The truth to summer's lie.

Medieval history lessons say that the queens usually slept in their own chambers with their ladies-in-waiting rather than share their bed permanently with their husband. I suppose Ivalice culture is like that too.

The title is taken from the 31 Days prompt for March 4, 2006.


Ovelia told herself that they had been in love once — they must have been, because that was the only way that they could have gone so far. It was not because she had been blinded by his brilliance, or taken in by his honeyed lies. What they had, it had to have been something pure, something transcendent, something truer than anything she had known in her life at the convent. She was not a victim of his deception, not like the rest of the people he had promised things to and ended up breaking on the wheel, or drawing and quartering by horse, or hanging at the gallows. She was precious to him and she was alive and by his side because he loved her. She was Queen — hisQueen — because he loved her. That had to be it.
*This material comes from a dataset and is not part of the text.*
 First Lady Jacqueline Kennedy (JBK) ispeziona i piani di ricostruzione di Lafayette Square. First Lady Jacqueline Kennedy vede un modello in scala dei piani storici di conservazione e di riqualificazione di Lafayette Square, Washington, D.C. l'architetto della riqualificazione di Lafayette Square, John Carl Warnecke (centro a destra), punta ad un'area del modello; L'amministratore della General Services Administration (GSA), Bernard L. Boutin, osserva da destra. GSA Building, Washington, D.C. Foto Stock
Sometimes, when the days were difficult and the nights were too long, Ovelia curled up amidst the sleeping bodies of her handmaidens and tried to recall every memory she had ever had of him before the fall: Delita's face near her own in Orbonne, Delita swearing fealty and eternity in the ruins of a monastery, Delita stabbing an assassin in the back, Delita's thumb on her cheek, Delita's back near the apple tree and how it had looked so small, in need of human touch, Delita's naked form by the window after their first night. She fed on the memories, and kept her soul alive yet another day.